• **What this task involves**
Once you find the line with "Invitation Black White" in the entries below, print it and each line after it up to and including the line with "Distressed Denim ×", exactly, without pictures.

• **Source material**
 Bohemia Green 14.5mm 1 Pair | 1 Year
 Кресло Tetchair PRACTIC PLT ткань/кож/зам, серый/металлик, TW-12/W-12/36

...

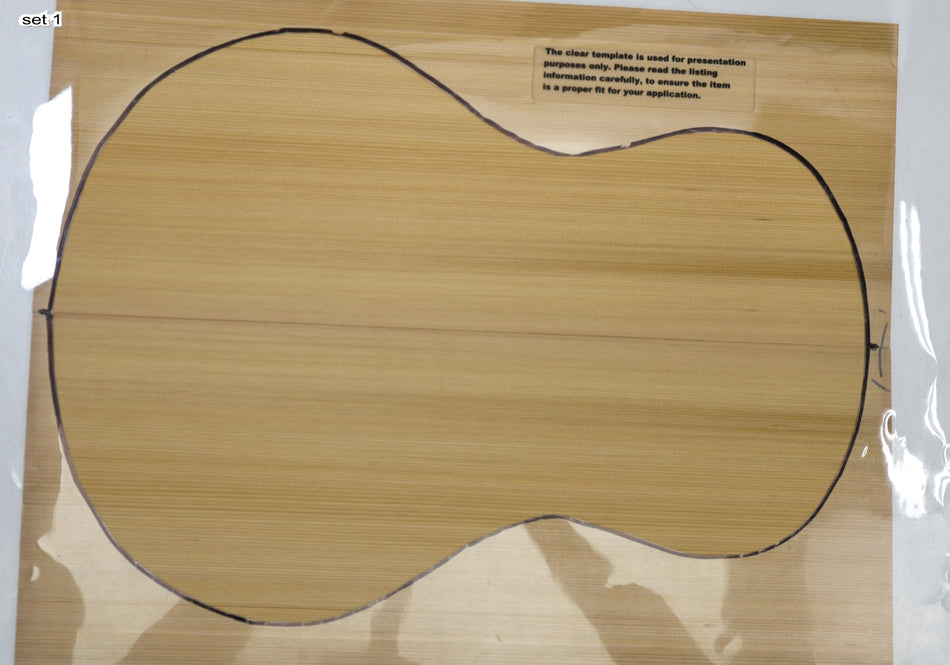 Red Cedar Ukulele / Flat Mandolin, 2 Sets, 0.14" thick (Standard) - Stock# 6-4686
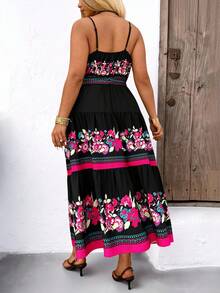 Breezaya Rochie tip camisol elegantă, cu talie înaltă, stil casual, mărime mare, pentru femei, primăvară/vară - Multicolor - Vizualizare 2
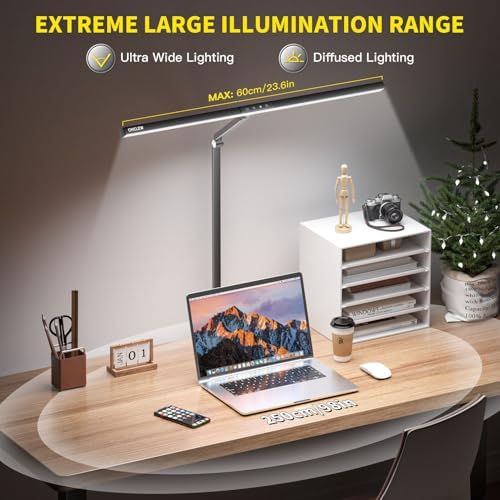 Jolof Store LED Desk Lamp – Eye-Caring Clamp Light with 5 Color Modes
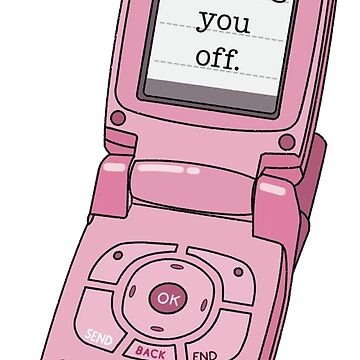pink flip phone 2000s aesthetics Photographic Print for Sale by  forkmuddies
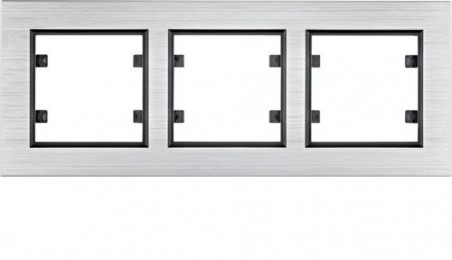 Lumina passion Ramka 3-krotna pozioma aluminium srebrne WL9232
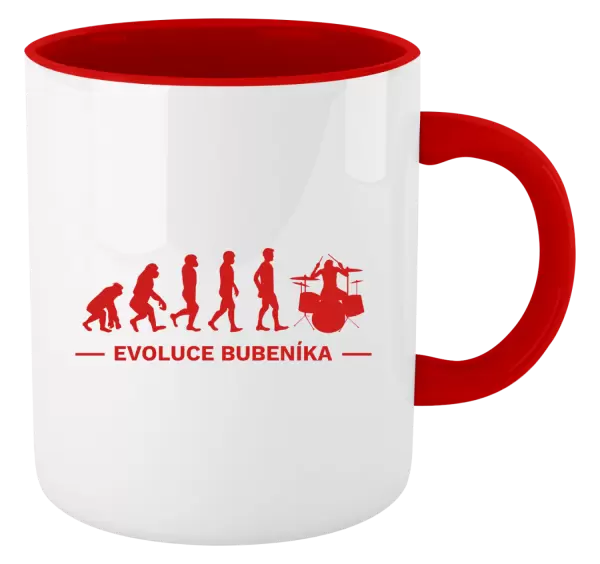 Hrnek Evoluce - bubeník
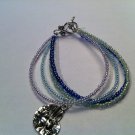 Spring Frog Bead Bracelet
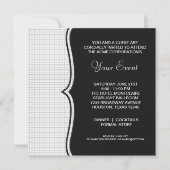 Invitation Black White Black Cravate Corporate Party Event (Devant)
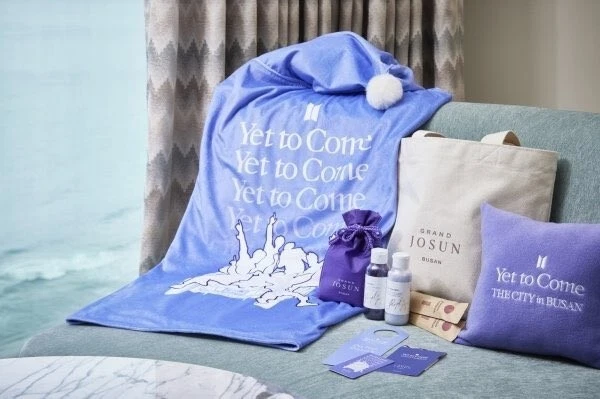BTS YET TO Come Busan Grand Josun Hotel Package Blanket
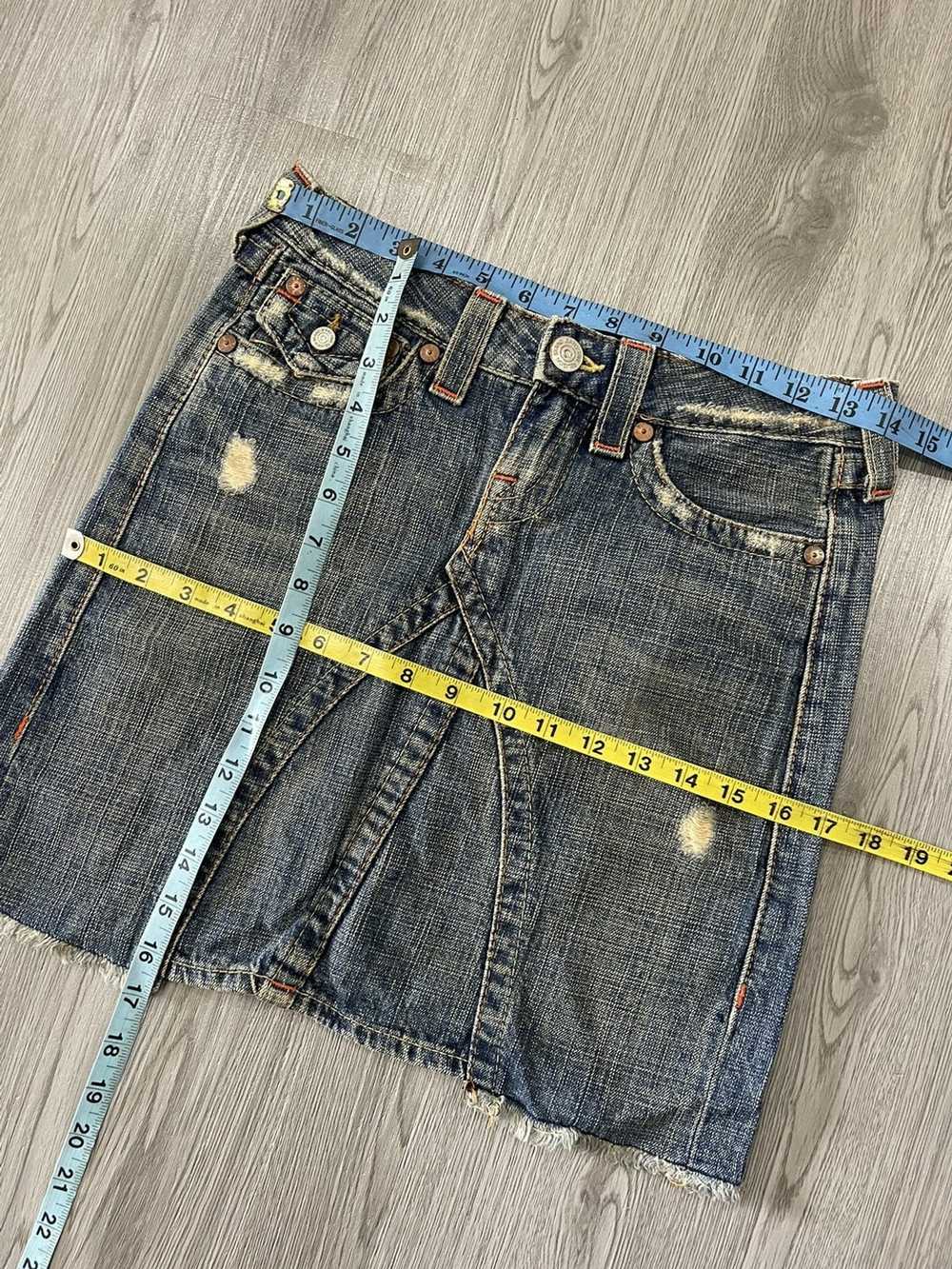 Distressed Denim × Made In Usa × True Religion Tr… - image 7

• **Exercise answer**
 Invitation Black White Black Cravate Corporate Party Event (Devant)
BTS YET TO Come Busan Grand Josun Hotel Package Blanket
 Distressed Denim × Made In Usa × True Religion Tr… - image 7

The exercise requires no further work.